# INSTRUCTIONS TO FOLLOW
Your answer must be only the lines below from the one containing "Locaux d'activités A" through the one containing "肌肉小哥爱自拍撩衣腹肌，这身板有点上头! - 51虹马", copied exactly, with the pictures left out.

# SOURCE RECORDS
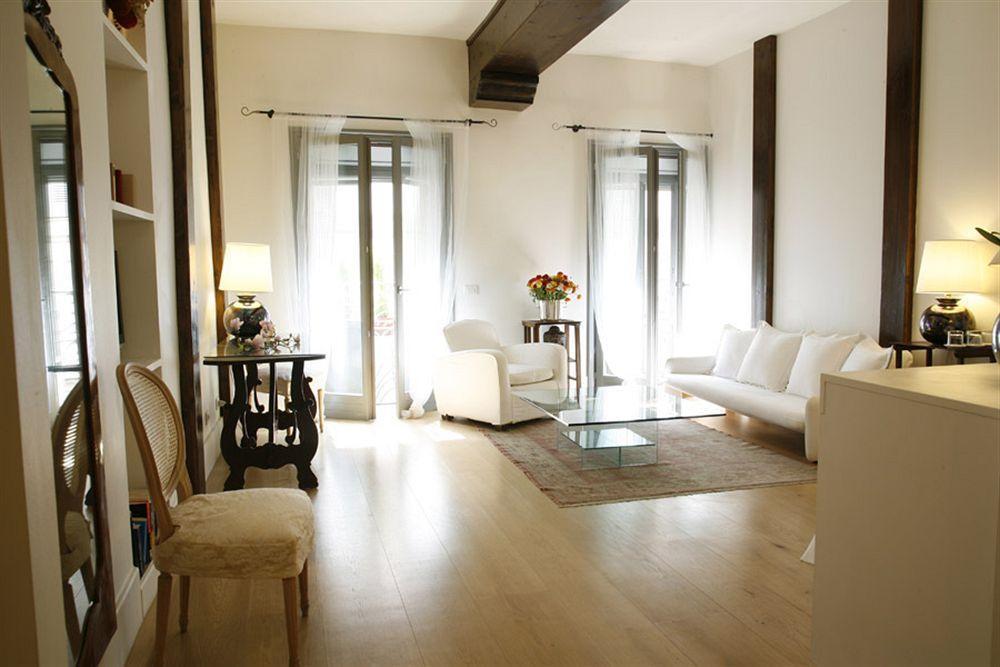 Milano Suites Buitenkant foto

* * *

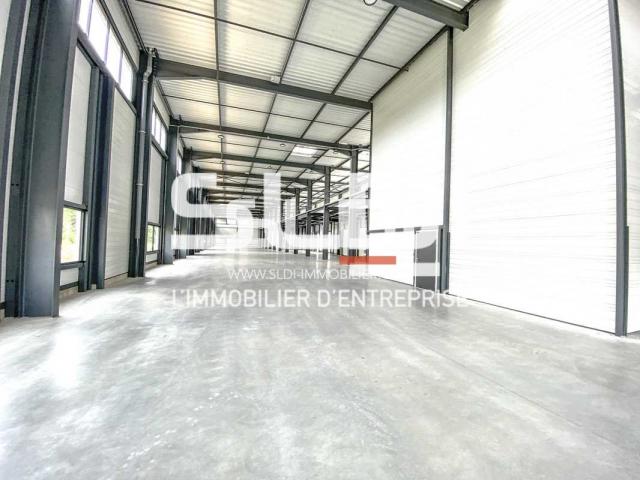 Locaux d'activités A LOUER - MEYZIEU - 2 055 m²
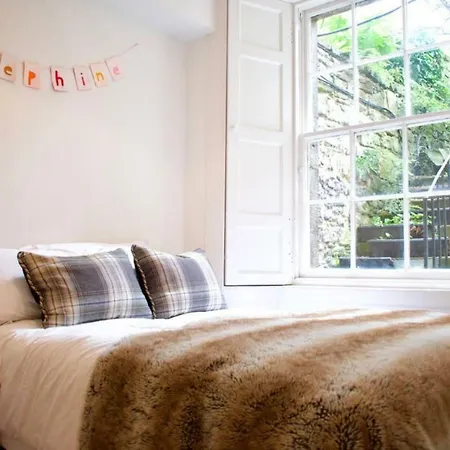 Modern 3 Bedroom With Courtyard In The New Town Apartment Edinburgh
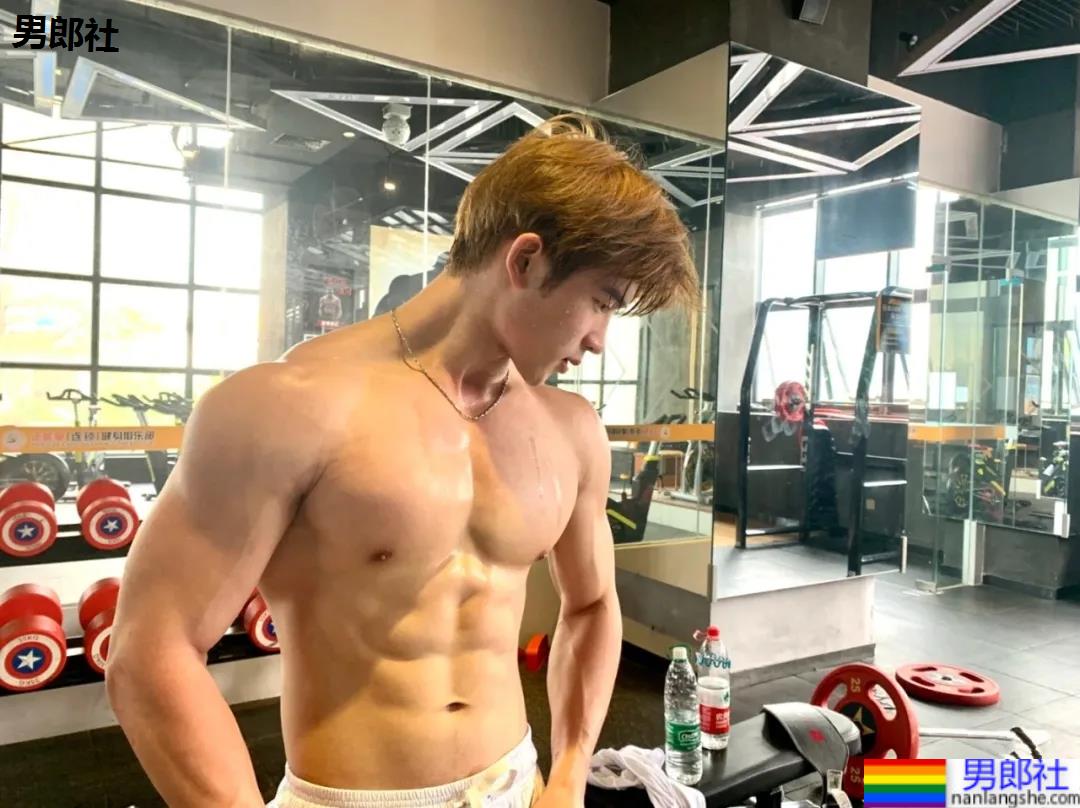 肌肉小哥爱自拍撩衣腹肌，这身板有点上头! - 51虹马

==

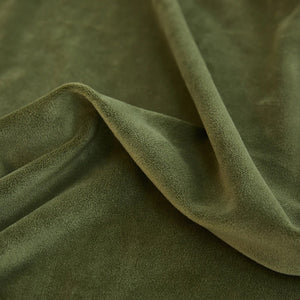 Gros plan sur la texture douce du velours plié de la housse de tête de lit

# RESPONSE BOX
 Locaux d'activités A LOUER - MEYZIEU - 2 055 m²
 Modern 3 Bedroom With Courtyard In The New Town Apartment Edinburgh
 肌肉小哥爱自拍撩衣腹肌，这身板有点上头! - 51虹马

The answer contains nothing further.